[Records excerpted from a collection]
* * * * * * * * *

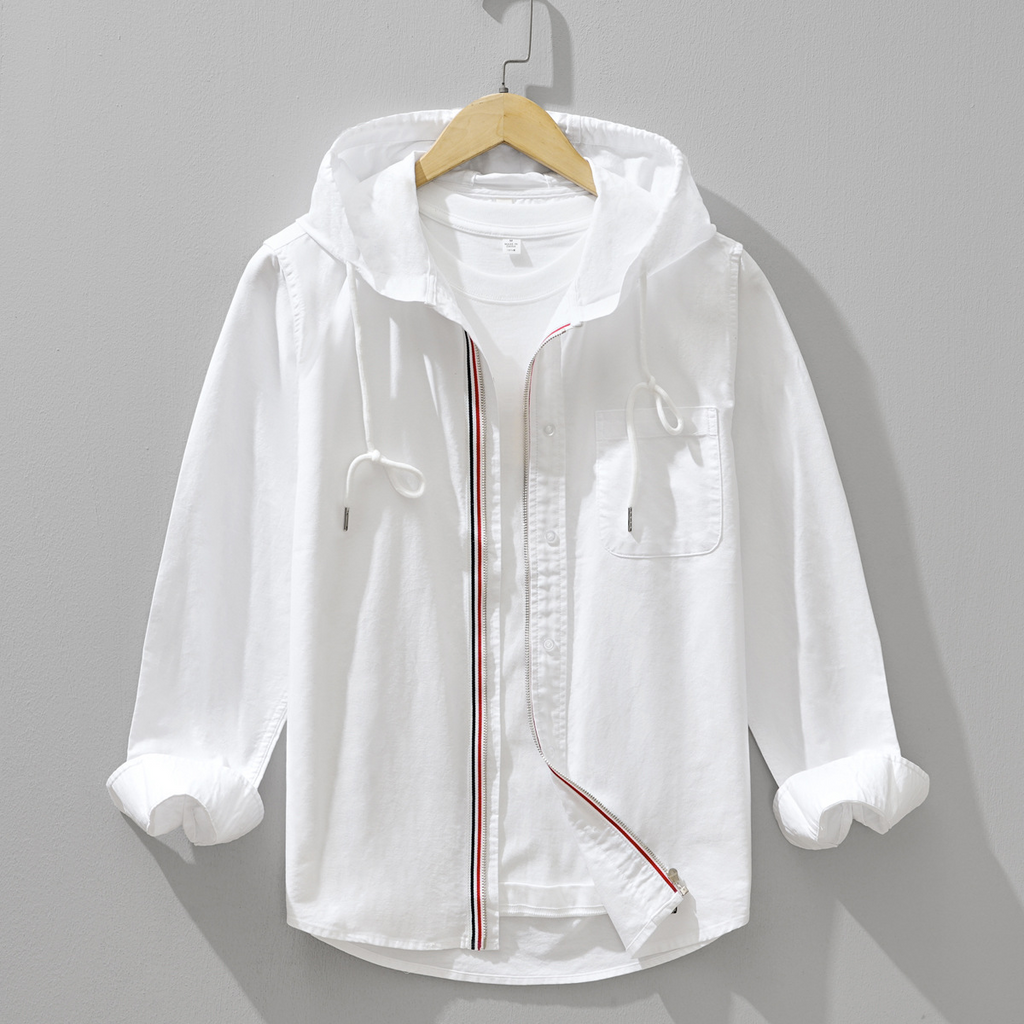 Men's Linen Hoodie Shirt-Mode Drift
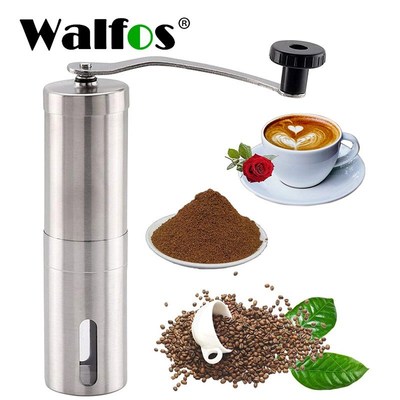 Silver Coffee Grinder Mini Stainless Steel Hand Manual Handm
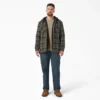 Chaqueta tipo camisa con capucha de franela repelente al agua Chaqueta tipo camisa con capucha de franela repelente al agua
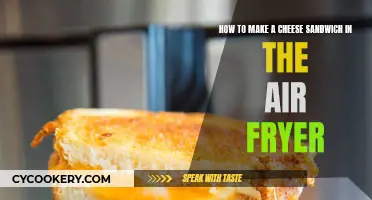 Air-Fried Cheese Sandwich: Quick, Easy, and Delicious!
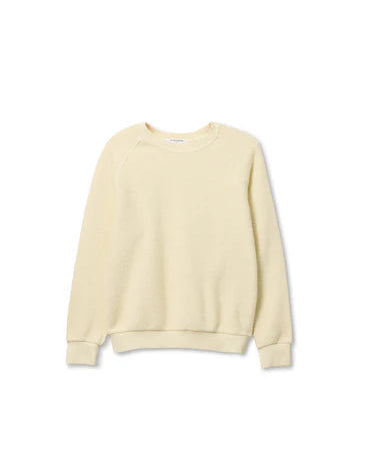Beige sweatshirt on a white background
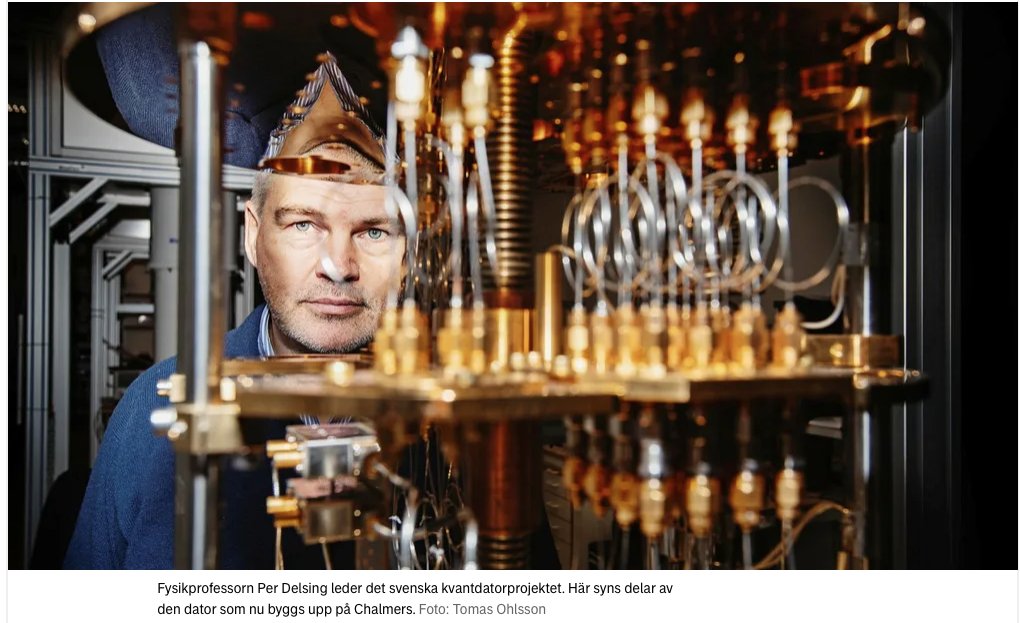 KAWstiftelsen's tweet photo. Läs artikeln i DN om kvantbitarna från Wallenberg Centre for Quantum Technology som ska placeras  2100 meter ner i underjorden i en gruva i Kanada för att stänga ute den kosmiska strålningen som påverkar dem.
https://t.co/ghualK4tOb #fysik @wacqt_sweden https://t.co/P6w6tBt2kq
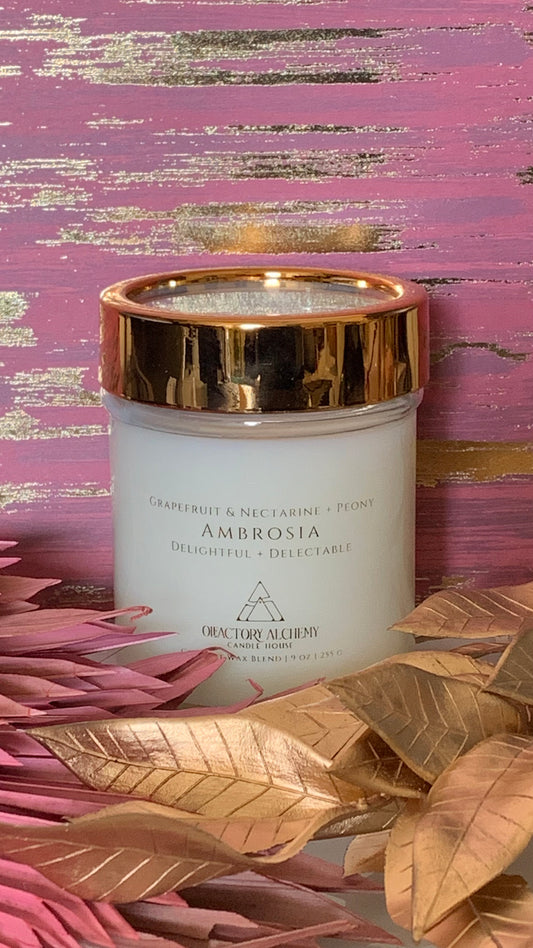 Ambrosia Wooden Wick Candle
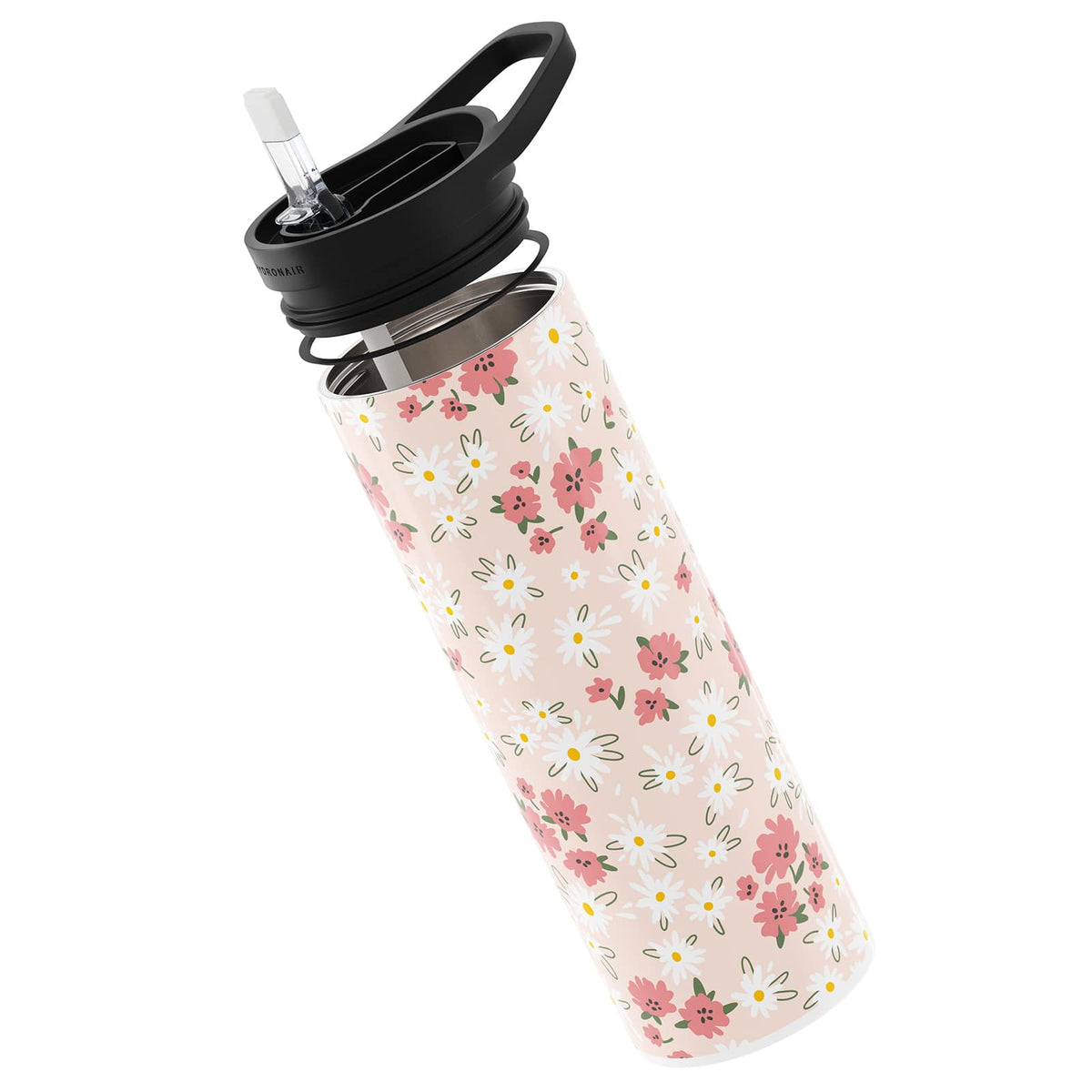 Hydronair 560ml Floral Reusable Bottle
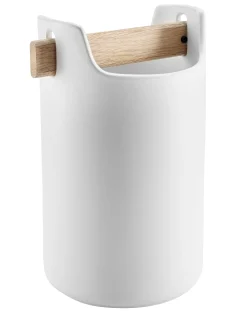 Eva Solo Topf Toolbox Keramik Weis Holz Natur / O 18 Cm X H 20 Cm - Keramik & Eiche - Eiche - Weis Sale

* * * * * * * * *

▶ [Your goal]:
Wherever a picture appears, omit it; copy the rest of the data exactly.

▶ [Response to this exercise]:
 Men's Linen Hoodie Shirt-Mode Drift
 Silver Coffee Grinder Mini Stainless Steel Hand Manual Handm
 Chaqueta tipo camisa con capucha de franela repelente al agua Chaqueta tipo camisa con capucha de franela repelente al agua
 Air-Fried Cheese Sandwich: Quick, Easy, and Delicious!
Beige sweatshirt on a white background
 KAWstiftelsen's tweet photo. Läs artikeln i DN om kvantbitarna från Wallenberg Centre for Quantum Technology som ska placeras  2100 meter ner i underjorden i en gruva i Kanada för att stänga ute den kosmiska strålningen som påverkar dem.
https://t.co/ghualK4tOb #fysik @wacqt_sweden https://t.co/P6w6tBt2kq
 Ambrosia Wooden Wick Candle
 Hydronair 560ml Floral Reusable Bottle
 Eva Solo Topf Toolbox Keramik Weis Holz Natur / O 18 Cm X H 20 Cm - Keramik & Eiche - Eiche - Weis Sale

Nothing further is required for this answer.